**Task**
Could you copy exactly the lines below from the one with "Imgflip be like" to the one with "Financial Planners, Investment", inclusive, leaving out any pictures?

----- Extracted material

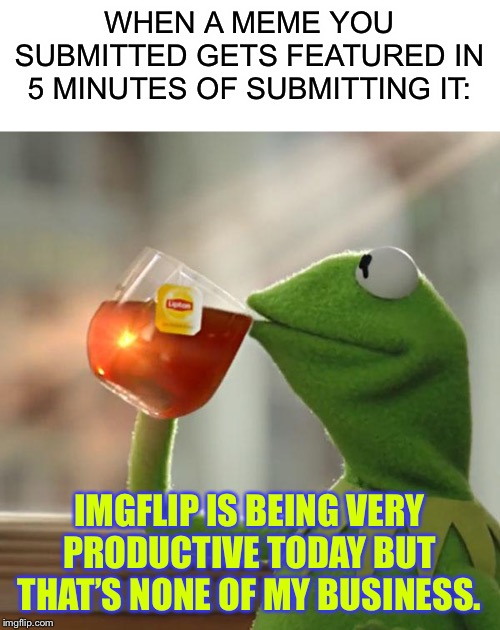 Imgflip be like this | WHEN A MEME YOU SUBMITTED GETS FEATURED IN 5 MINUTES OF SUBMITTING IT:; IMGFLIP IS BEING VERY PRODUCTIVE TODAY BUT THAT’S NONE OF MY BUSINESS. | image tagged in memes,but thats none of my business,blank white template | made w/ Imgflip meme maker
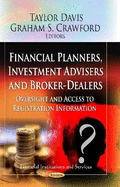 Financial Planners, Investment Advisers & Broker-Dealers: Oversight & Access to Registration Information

----------
----- Extracted material

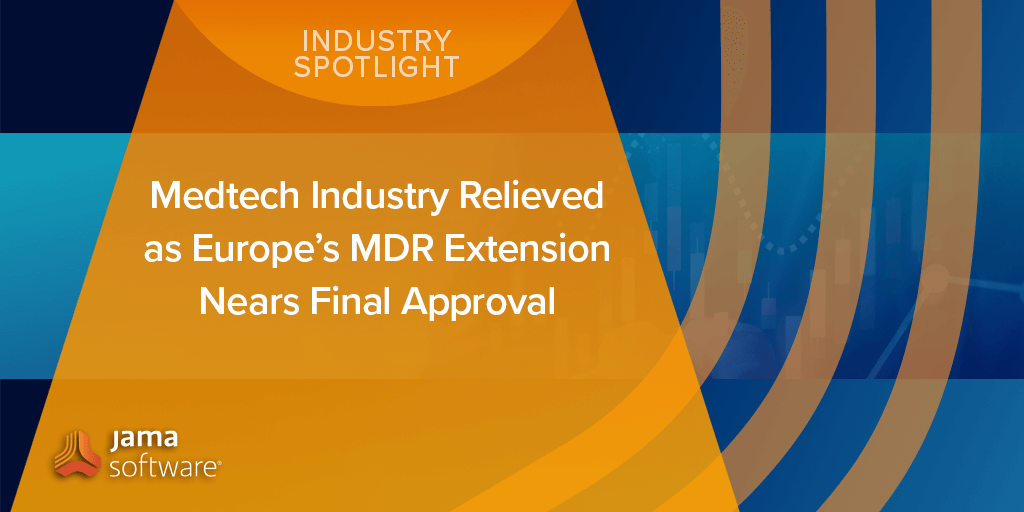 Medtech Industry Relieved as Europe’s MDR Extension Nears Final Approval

----------

**Exercise result**
 Imgflip be like this | WHEN A MEME YOU SUBMITTED GETS FEATURED IN 5 MINUTES OF SUBMITTING IT:; IMGFLIP IS BEING VERY PRODUCTIVE TODAY BUT THAT’S NONE OF MY BUSINESS. | image tagged in memes,but thats none of my business,blank white template | made w/ Imgflip meme maker
 Financial Planners, Investment Advisers & Broker-Dealers: Oversight & Access to Registration Information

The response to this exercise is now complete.